Wednesday, June 04, 2003

i'm down with a major illness and i think i'm gonna die.
it's true, but maybe i wun die of depression as terese has predicted.
the weather's really gonna kill me. eeeeekx.
ooh n i'm really happy to see u happy my dear happy terese :)

oh and he called me after i said i was dying.. lol.
and seriously i don't wanna see u laugh to death/squeeze your neck/faint with shock/-insert any other reaction here-
i still tink it's absolutely hilarious well.
u can laugh straight in my face i guess.
but i've got nothing to say erh my brain's fried.

// i don't feel lyk blogging i jux feel lyk dying cos my brain's halfway in space and i'm still stuck in earth with a BLEEDING hole. aergh!

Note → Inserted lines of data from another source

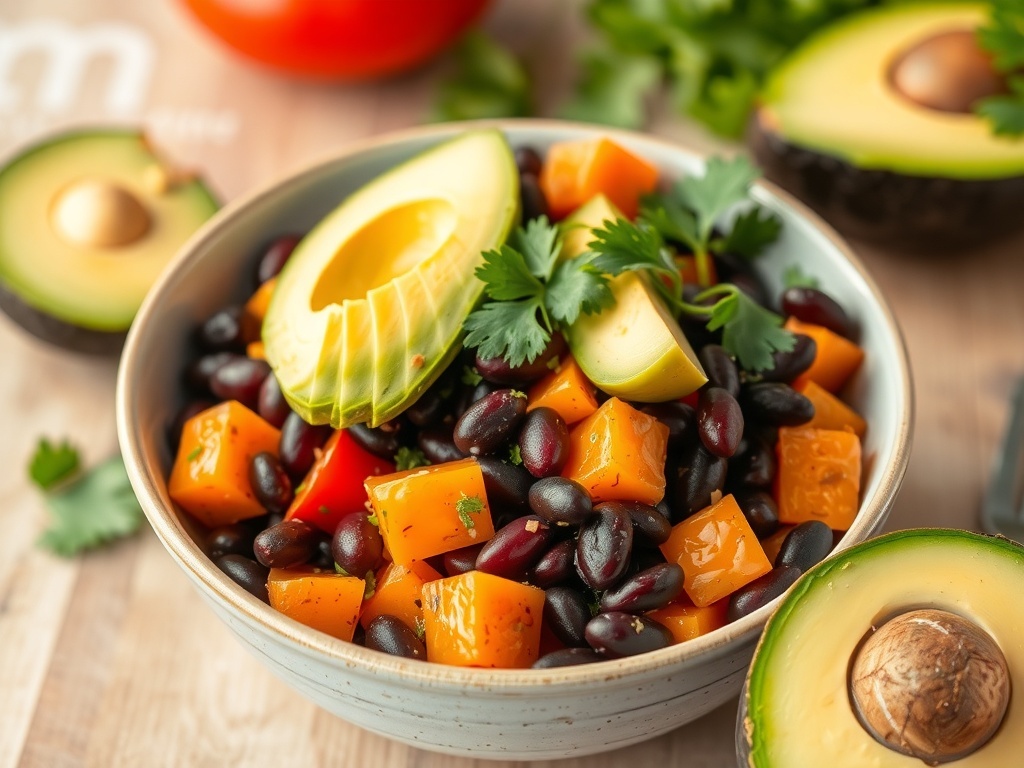 A colorful bowl of black bean and sweet potato salad with avocado and cilantro.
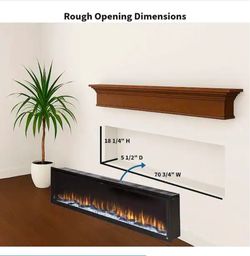 Sideline Elite 72 in. Wall Mount or Recessed Smart Electric Fireplace in Black with LED Flame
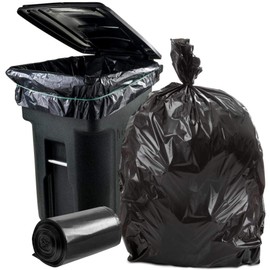 Plasticplace 95-96 Gallon Trash Bags │ 2.0 Mil │ Black Heavy Duty Garbage Can Liners │ 61” x 68” (50 Count)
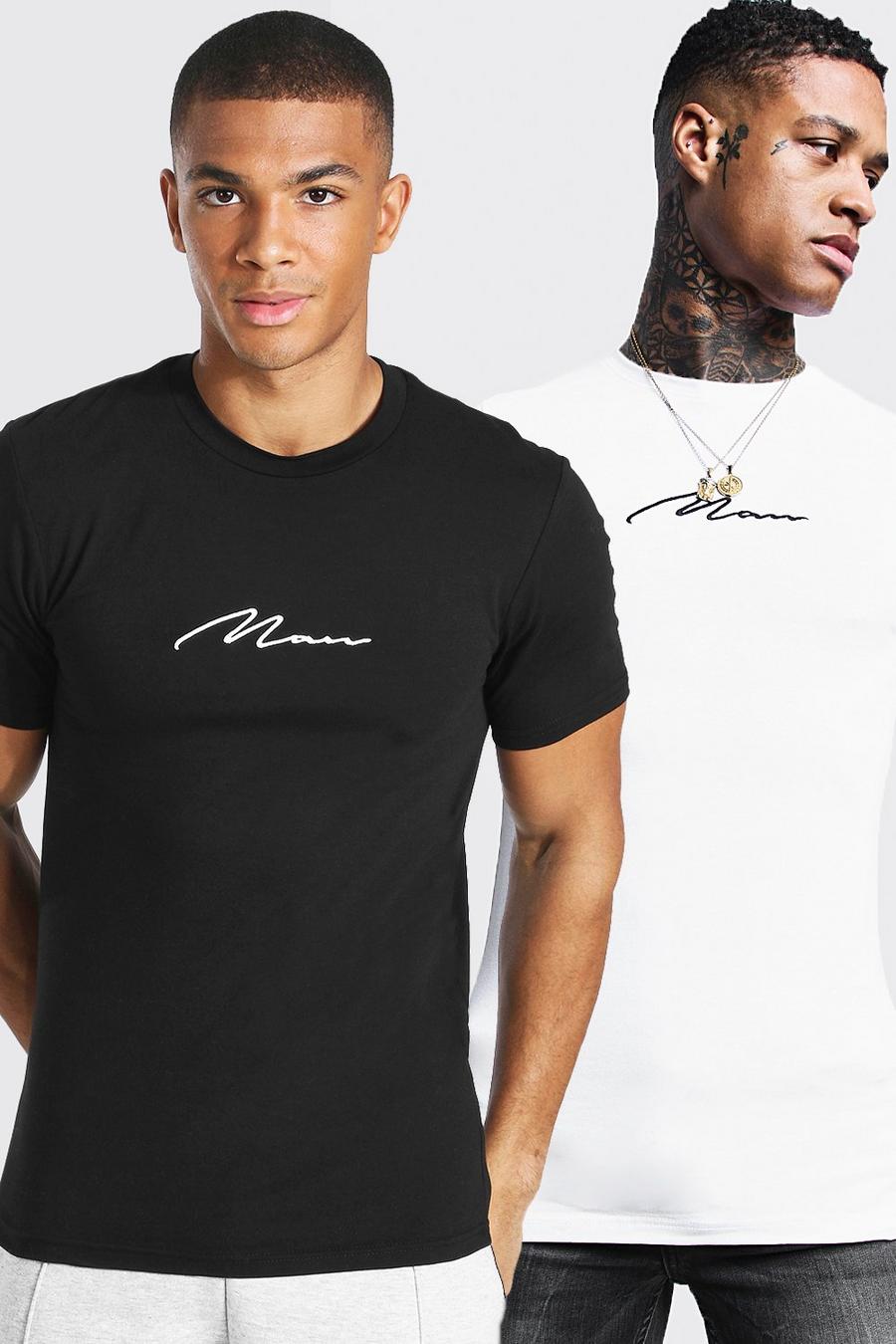 Pack de 2 camisetas con firma MAN ajustadas al músculo, Multi image number 1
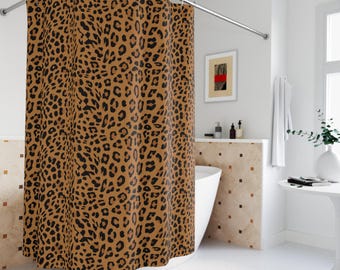 Funky Leopard Shower Curtain, Maximalist Bathroom Decor, Preppy Cheetah Print, Custom Color Animal Skin Art, Trendy Eclectic Gift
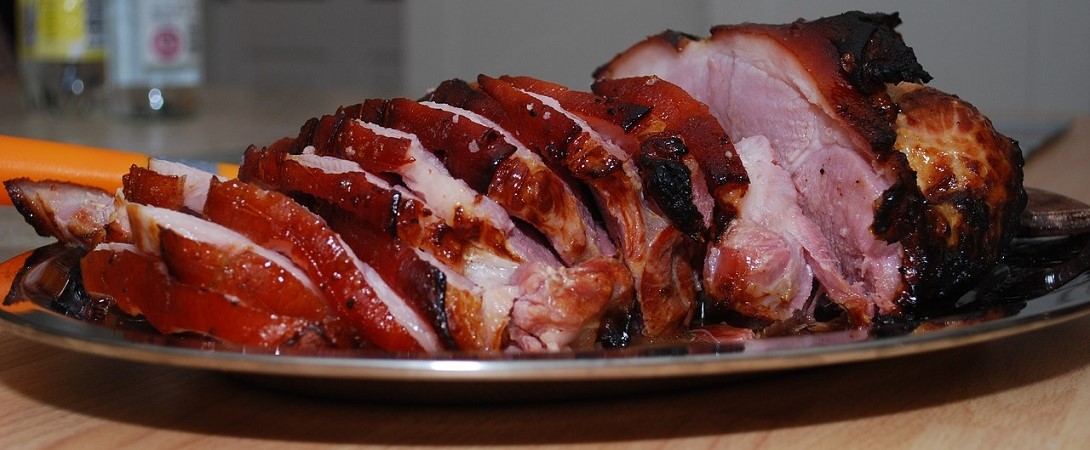 cut gammon on a plate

*** try "where is the love" by black eye peas. yummy yummy name! :)

Monday, June 02, 2003

ahhh grace found out. hahah.
good God.
Bless me.
ahhh and i found out.
Bless me again.

Saturday, May 31, 2003

hmm got back a pretty long while ago ...
esplanade's great, i still love the ambience there and the library rocks:)
but i cldn't get my scores and got kitaro dvds instead.
and my lousy com can't exactly work due to some perpetual error or another.
ah but it was nice today:) i was actually HAPPY.
haven't felt happy for a long time, thot life was quite bad.
then i guess not, cos i'm really happy.
i'm not sure if it's the company or the things we did that left an impression.
but the thot of slacking enjoyably was great:)
watched bruce almighty and thot it was kinda cheap funny humour that only i would appreciate.
i jux can't seem to work my brains and i enjoy blatant muses.
hahah and was i really from mensa? i wonder ... my brains melted lyk the whale's or something?
hmm anyway managed to eat the candy floss i've been craving for so i'm really glad we went out
and i'm really glad i never wore my 2 inch flops or it'd haf been disastrous hahah.
ate chocolate coated strawberries and gave him 2.
he commented that it was sweet + sweet. ah, i wished i didn't feel ath i guess.
but i can't help it? neither can i imagine myself getting close to a guy!
what if he needs a mum more than a gf? i don't want a repeat of that immature possessive shmuck.
i rather go to my pals for help ...
realised i've gotten closer to my frens again after the breakup. kinda gd thing i guess, at least i'm communicating more with my pals.
and seriously i doubt guys are ever interested in girls' lives.
sorry if i was making an over generalisation.